Kombrink holds a bachelor’s degree in artificial intelligence and a master’s degree in forensic science. It is her ambition to take her scientific research and develop a practical application for law enforcement agencies. “This is exactly what we are doing with Uncover,” she says. “We are developing a toolkit to help law enforcement agencies in European countries to not only detect, but also decipher hidden messages in digital content.”
The project has a duration of 36 months and will end in April 2024, by which time Kombrink hopes it will have a practical toolbox ready for LEAs. In the Netherlands and Belgium, law enforcement agencies already use Hansken, a digital forensics search engine that was developed by the NFI and provides a service-based approach for fast and efficient processing and investigating multiple terabytes of seized digital material.

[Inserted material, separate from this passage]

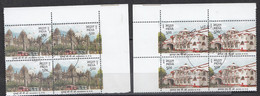 INDIA, 2013, FIRST DAY CANCELLATION, Heritage Buildings, Mumbai GPO & Agra HPO, Block Of 4 - Gebruikt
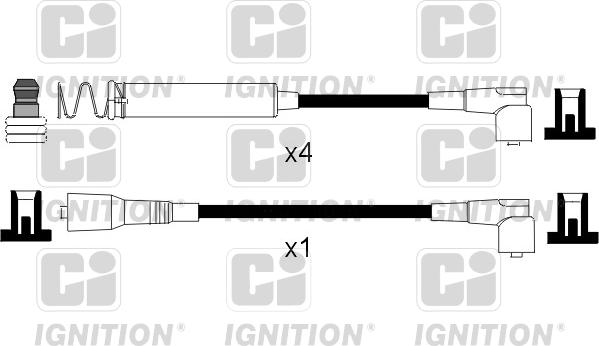 Quinton Hazell XC995 - Комплект запалителеи кабели vvparts.bg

The Uncover toolbox could be added to Hansken to enable foreign LEAs to uncover steganography. This all depends on the ultimate toolbox that will be developed, says Kombrink. “Because of the multiple ways stego can be deployed, we have to figure out whether we can build a tool that can cover various methods, or whether we would need to build different tools for different stego deployments,” she says.
Also, developing a toolbox means it contains multiple solutions that all need to be able to integrate with Hansken. “So, ultimately, it depends on the quality of the toolbox and how easy it will be to integrate it,” says Kombrink.
The main challenge with developing tools for the toolkit is detecting which pixels have been tampered with, if any. “It is easier to detect patterns to indicate whether an image has been adjusted than to detect which separate pixels are being used to hide a message,” she says. The NFI has already started training a neural network to be able to do this.
“We have to see what yields and how we can expand this into a working toolbox to help LEAs analyse possible steganography better and faster,” says Kombrink. “Only when the tools are ready will we hopefully be able to tell more about the scale on which stego is applied in the Netherlands. Until then, we need to manually search for it. ”
Kombrink’s PhD project is part of the new Innovation Center for AI (ICAI) AI4forensics lab, which will be established in early November. The lab, part of the ICAI, is a collaboration between the NFI and the University of Amsterdam (UvA). Under the auspices of professors Marcel Worring at the UvA and Zeno Geradts at the NFI, four PhD students and a Postdoc will research how AI can be used to improve forensic processes.
“This is not limited to steganography, but also entails deep fakes, for instance,” says Kombrink. “The purpose of the new lab is very broad, but the common denominator is that we use AI to build forensic applications.”
After finishing her PhD project, Kombrink hopes to be able to continue researching steganography within the NFI. “Especially with the master of forensic science, the NFI is closely linked to the University of Amsterdam,” she says. “A lot of the teachers work with the NFI and so, for most students, working with the Netherlands Forensics Institute is a dream come true.
“So when I noticed an interesting PhD vacancy that was linked to the NFI, I jumped at the opportunity. I am so glad I am able to do my PhD here and hopefully I get to continue my work afterwards, because – as with other crime – stego will always develop.”
Kombrink adds: “It’s like a cat-and-mouse-game. Whenever we discover a way to expose criminals, they will come up with new ways to go about their business. A real step needs to be made in the detection and analysis of steganography.
“We have to manage to keep up with the level of criminals that use it. There are so many different techniques, which are also constantly changing or being combined with other techniques, such as AI. The quest to discover the means criminals use to communicate with each other is always evolving. So I think research into steganography will always continue and I would love to be part of that.”